How has your definition of customer loyalty evolved in today’s fragmented, multi-channel world?
Loyalty used to be about repeat purchases, but nowadays it’s much more about trust and long-term results. If a customer builds a routine with our brand, that’s real loyalty. In a multi-channel world, trust must be consistent everywhere: online, in-store, in treatments and via customer care. If one touchpoint breaks, trust will erode. Advocacy now feels like the truest signal of loyalty: when customers choose to recommend you, not just repurchase.
How are you using first-party data to drive actionable loyalty strategies rather than just insights?
At Medik8, first-party data allows us to understand a customer’s skincare goals and where they are in their skincare journey, not just what they’ve purchased. We’re focused on using this to drive routine-building and replenishment strategies – for example, prompting customers when they’re likely to run out of Crystal Retinal, or guiding them to the “next step” in their routine. The real value comes when insights are translated into personalised experiences across email, onsite and paid social to feel seamless.
Where is AI genuinely improving personalisation and how do you avoid crossing into being intrusive?

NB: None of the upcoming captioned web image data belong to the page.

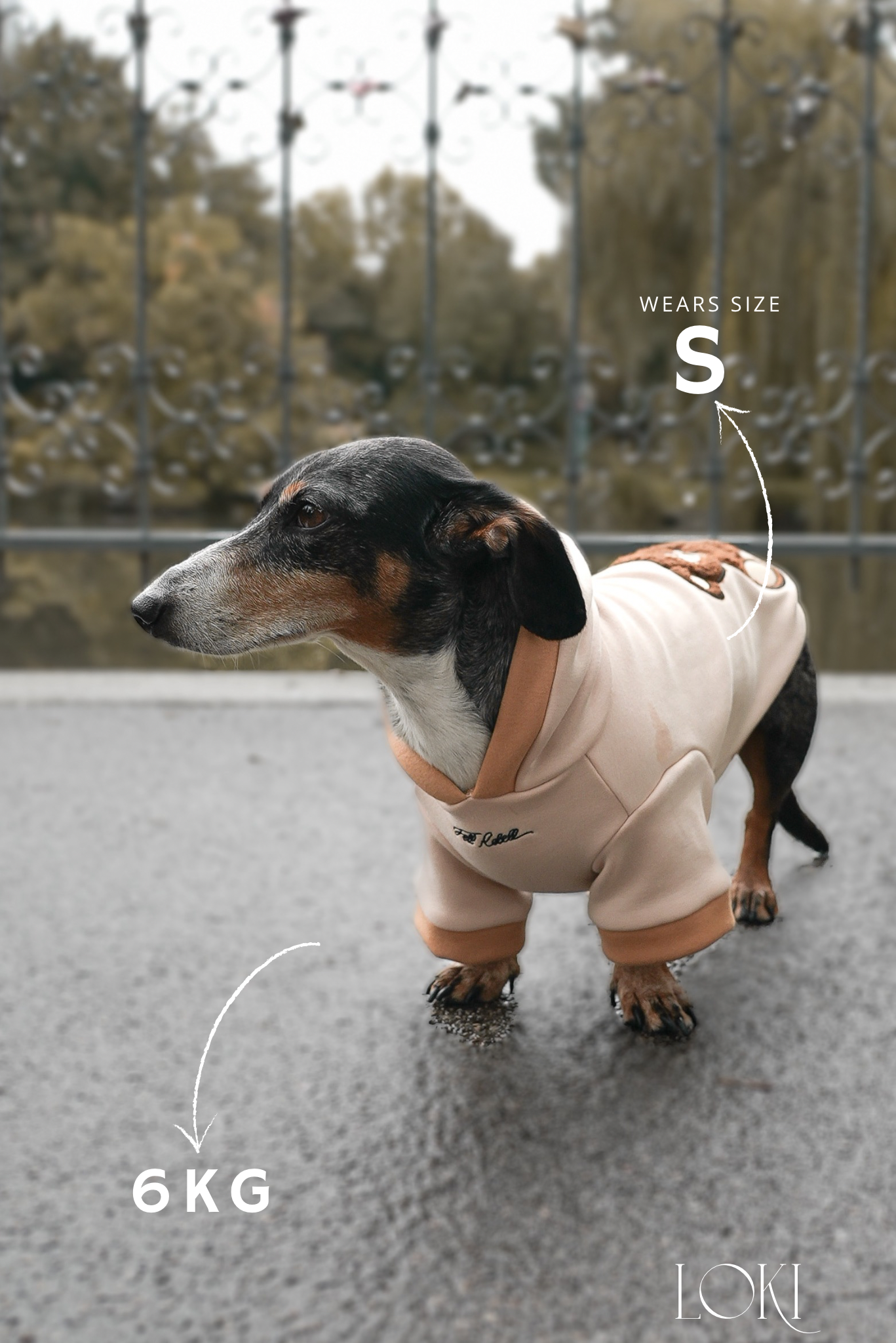 Teddy Hoodie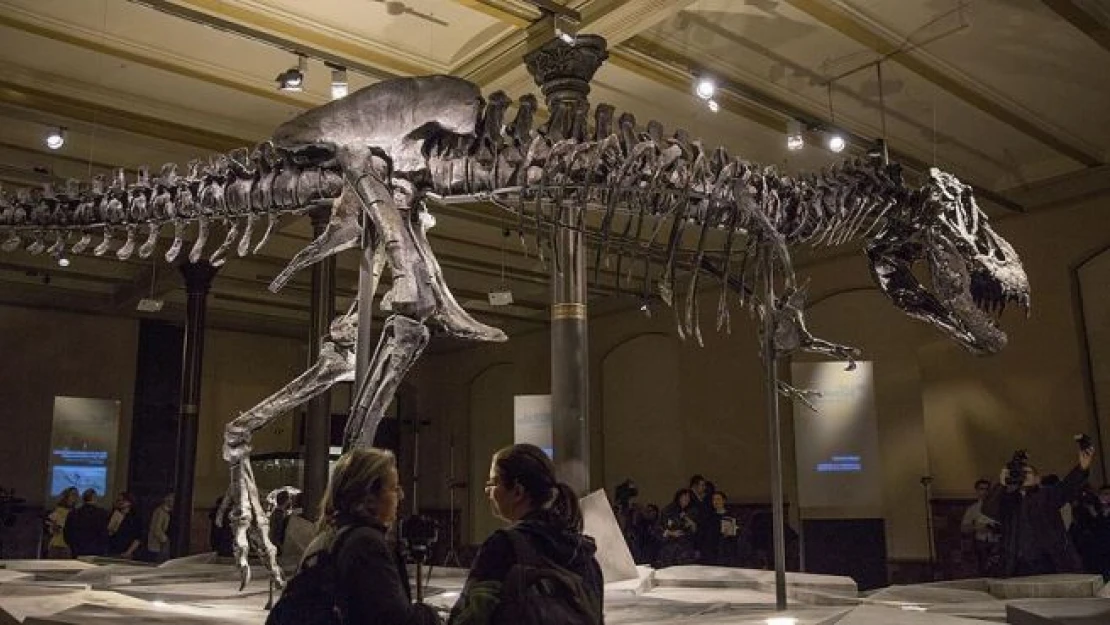 66 milyon yaşındaki dinozorun iskeleti Berlin'de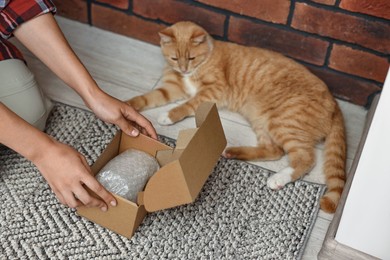 Online pet shop. Woman with cardboard box and cute cat on rug at home, closeup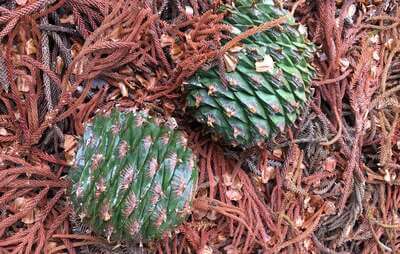 Bunya Pine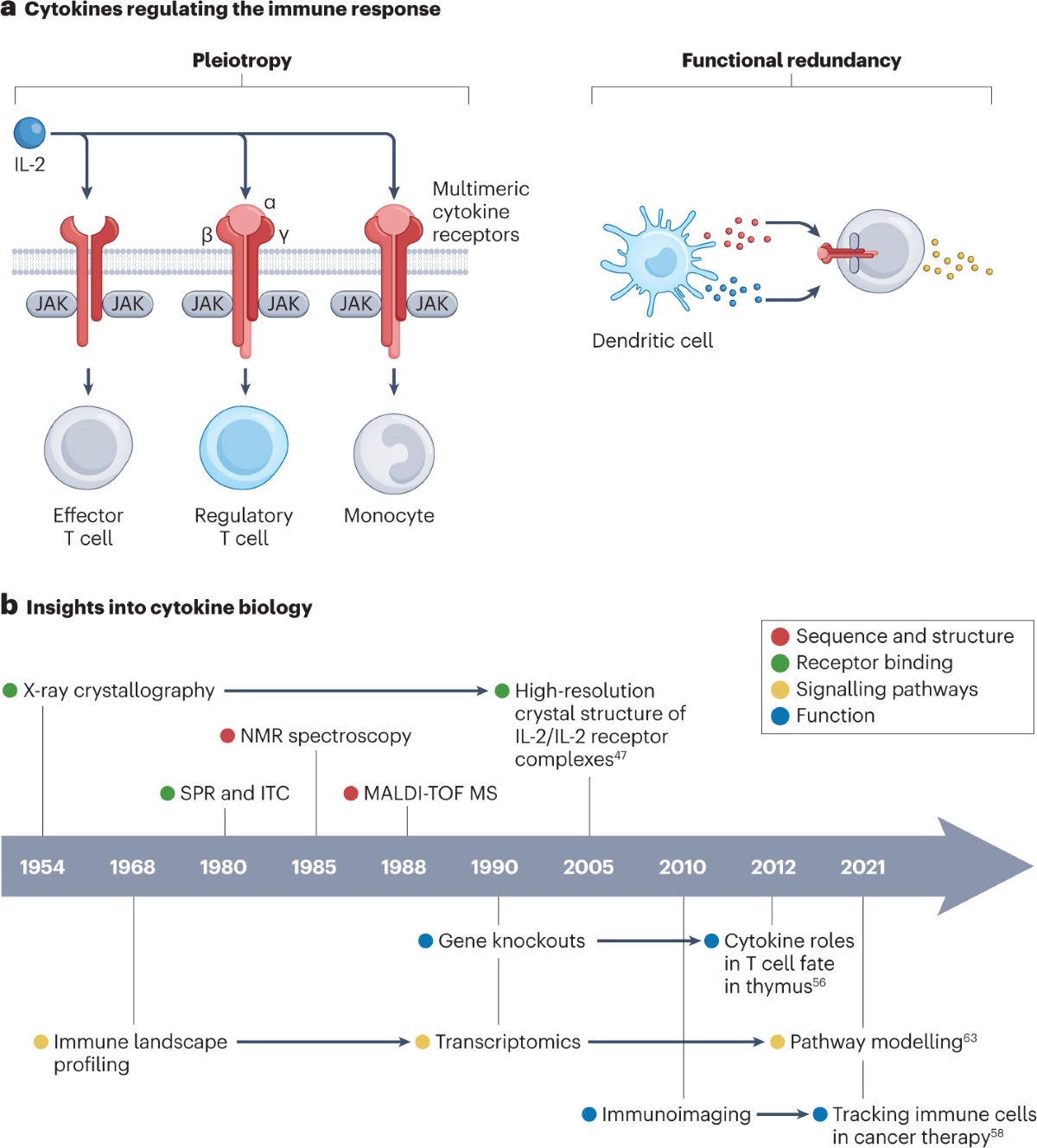 Engineering cytokine therapeutics | Nature Reviews Bioengineering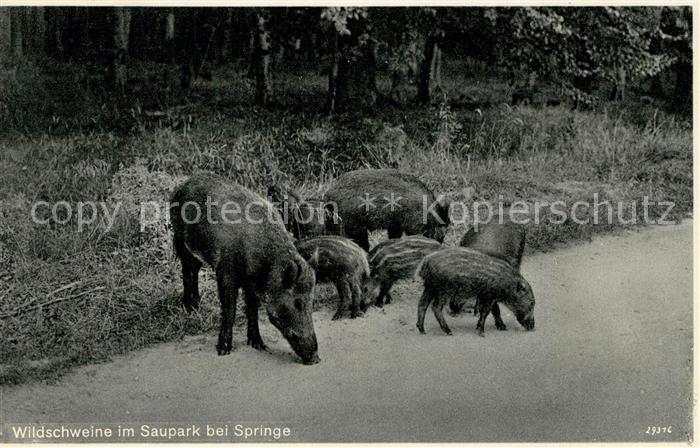 Schweine Wildschweine Saupark Springe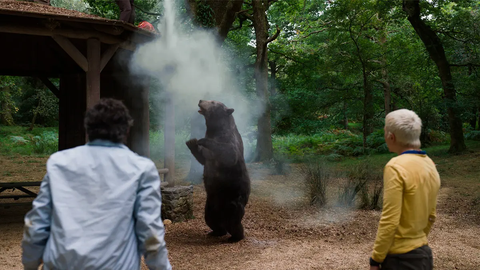 vicious bear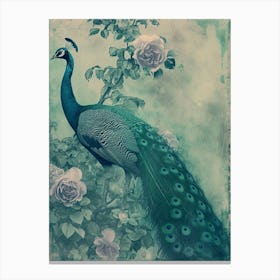 Turquoise Peacock With Roses Cyanotype Inspired  3 Canvas Print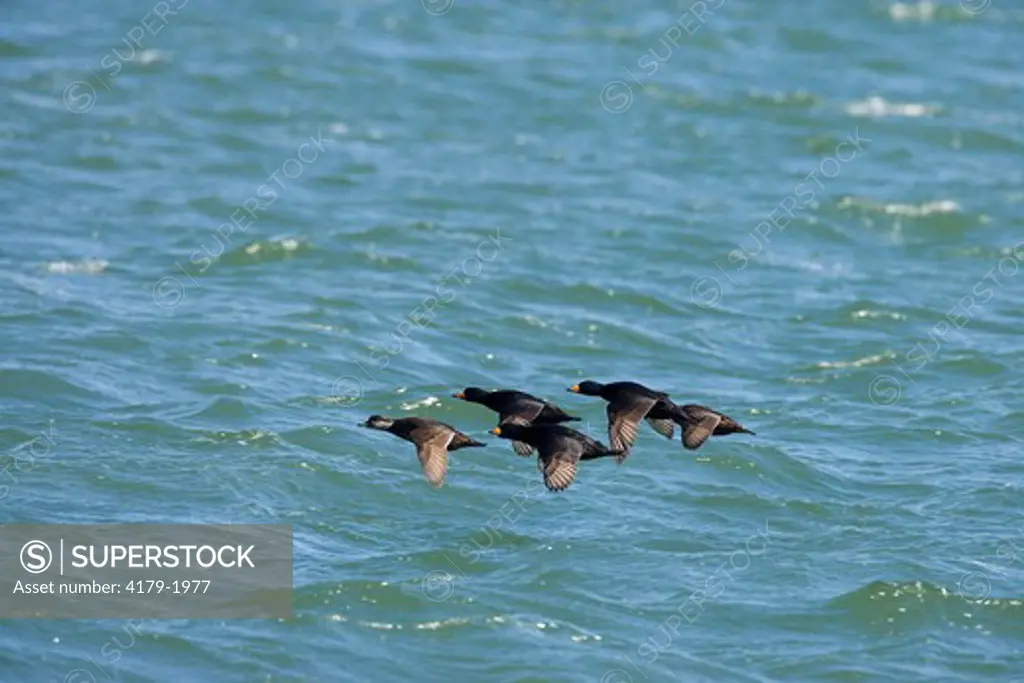 Black Scoters (Melanitta nigra), males and females in flight, Barnegat Inlet, New Jersey, USA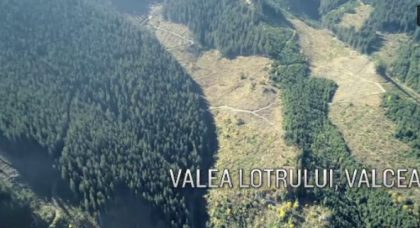 Cum trec miile de camioane incarcate cu lemn taiat ilegal prin sate si orase fara ca autoritatile din Romania sa ia masuri Cum trec miile de camioane incarcate cu lemn taiat ilegal prin sate si orase fara ca autoritatile din Romania sa ia masuri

AI is most valuable when it simplifies decision-making for the customer. In skincare, this means recommending the right products, predictive timing and personalised content. It becomes intrusive when it feels too predictive or overly familiar. AI has also been critical for Customer Care, taking on lower-lift tasks to enable our team to focus on high touch interactions that require human expertise.
What metrics do you prioritise to measure long-term loyalty and profitability, not just short-term engagement?
We focus on customer lifetime value and retention rate, whilst also looking at advocacy signals such as reviews, sentiment and NPS scores.
What’s been the biggest challenge in modernising your loyalty approach, and how have you overcome it?
The biggest challenge has been defining a clear point of difference in a very saturated loyalty space. Traditional points-based programmes don’t always reflect the relationship we want to build with our customers. The focus is creating something that feels experience-led, frictionless and genuinely valuable – where there’s a clear value exchange. That means balancing inclusivity with a sense of exclusivity, and ensuring loyalty feels like an extension of the brand experience, not a bolt-on.